*A chuva

A chuva

Eu cheguei a Teresina em julho de 2018, para participar de um evento literário e visitar amigos. Só que eu não sabia que os céus tinham preparado outro evento, à minha revelia.

Tarde do dia 19/07, quinta feira. De repente, o tempo começou a mudar. Esse é um fenômeno que não impressiona mais a ninguém. Temos dias em que, às 05h, os termômetros marcam 16 °C e, ao meio-dia, atingem 39 graus.

Tudo era muito esquisito. O sol já tinha pendido para o lado do Maranhão e estava encoberto por uma pequena nuvem negra que não tinha mais que um palmo de grilo de comprimento.
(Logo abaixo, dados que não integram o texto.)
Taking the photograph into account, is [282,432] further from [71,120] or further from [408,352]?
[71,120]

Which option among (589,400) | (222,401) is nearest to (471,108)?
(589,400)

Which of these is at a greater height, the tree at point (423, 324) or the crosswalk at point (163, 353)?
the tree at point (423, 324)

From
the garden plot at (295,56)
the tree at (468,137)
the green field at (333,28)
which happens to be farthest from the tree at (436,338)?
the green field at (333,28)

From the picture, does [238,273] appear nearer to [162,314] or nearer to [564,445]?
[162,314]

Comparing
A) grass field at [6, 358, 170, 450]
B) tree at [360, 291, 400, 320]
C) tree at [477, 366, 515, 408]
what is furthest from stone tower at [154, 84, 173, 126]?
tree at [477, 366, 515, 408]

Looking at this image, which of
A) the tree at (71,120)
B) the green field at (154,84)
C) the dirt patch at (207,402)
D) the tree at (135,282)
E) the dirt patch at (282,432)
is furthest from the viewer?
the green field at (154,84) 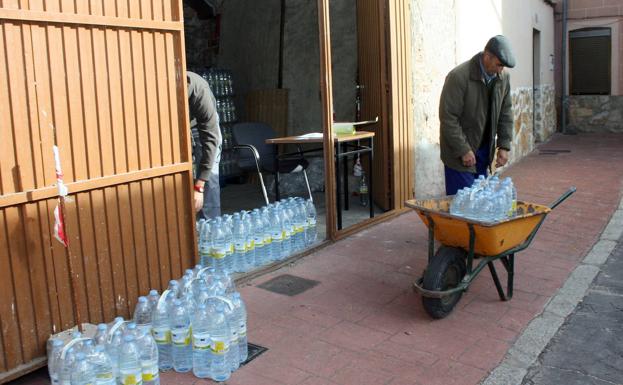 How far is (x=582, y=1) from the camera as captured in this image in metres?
17.7

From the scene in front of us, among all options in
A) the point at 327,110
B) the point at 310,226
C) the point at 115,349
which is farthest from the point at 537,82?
the point at 115,349

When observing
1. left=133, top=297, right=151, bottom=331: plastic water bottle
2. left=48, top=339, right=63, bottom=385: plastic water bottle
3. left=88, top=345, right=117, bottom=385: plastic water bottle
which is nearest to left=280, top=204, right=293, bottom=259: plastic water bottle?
left=133, top=297, right=151, bottom=331: plastic water bottle

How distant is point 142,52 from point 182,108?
51 cm

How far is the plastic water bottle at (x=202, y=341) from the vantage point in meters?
3.79

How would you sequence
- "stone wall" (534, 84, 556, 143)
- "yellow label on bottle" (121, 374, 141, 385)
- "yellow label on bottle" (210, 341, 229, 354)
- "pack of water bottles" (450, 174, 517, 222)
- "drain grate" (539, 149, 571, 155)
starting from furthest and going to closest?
1. "stone wall" (534, 84, 556, 143)
2. "drain grate" (539, 149, 571, 155)
3. "pack of water bottles" (450, 174, 517, 222)
4. "yellow label on bottle" (210, 341, 229, 354)
5. "yellow label on bottle" (121, 374, 141, 385)

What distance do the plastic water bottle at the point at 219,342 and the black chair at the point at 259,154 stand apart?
3.76 m

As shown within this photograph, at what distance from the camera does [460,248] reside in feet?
15.5

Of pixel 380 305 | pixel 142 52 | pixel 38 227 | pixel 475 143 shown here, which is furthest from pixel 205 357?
pixel 475 143

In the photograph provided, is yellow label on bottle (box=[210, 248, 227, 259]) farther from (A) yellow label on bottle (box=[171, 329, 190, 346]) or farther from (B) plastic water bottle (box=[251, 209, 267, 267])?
(A) yellow label on bottle (box=[171, 329, 190, 346])

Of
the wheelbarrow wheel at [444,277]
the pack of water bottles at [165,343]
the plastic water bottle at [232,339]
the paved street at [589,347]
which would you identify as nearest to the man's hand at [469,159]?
the wheelbarrow wheel at [444,277]

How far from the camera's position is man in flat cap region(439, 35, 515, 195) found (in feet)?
18.3

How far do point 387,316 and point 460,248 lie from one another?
0.74 metres

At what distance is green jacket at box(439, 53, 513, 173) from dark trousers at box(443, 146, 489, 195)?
57 mm

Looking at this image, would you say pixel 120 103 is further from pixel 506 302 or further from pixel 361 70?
pixel 361 70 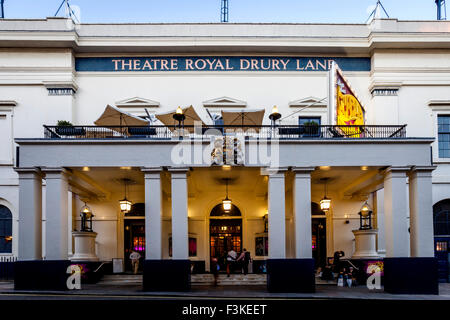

Fato normal, se não tivesse passado por meu pensamento que era nuvem de chuva. À primeira vista, coisa sem cabimento, pois o inverno terminara em maio. Ademais, era vento contrário, coisa que eu nunca tinha visto. Essa chuva, se chuva de fato fosse, vinha do ocidente, das bandas de Timon, quando o normal seria vir do leste, lado do Ceará. A nuvem parecia ter sido posta lá de propósito, pois em toda a abóboda celeste não havia mais nenhum outro capucho de algodão.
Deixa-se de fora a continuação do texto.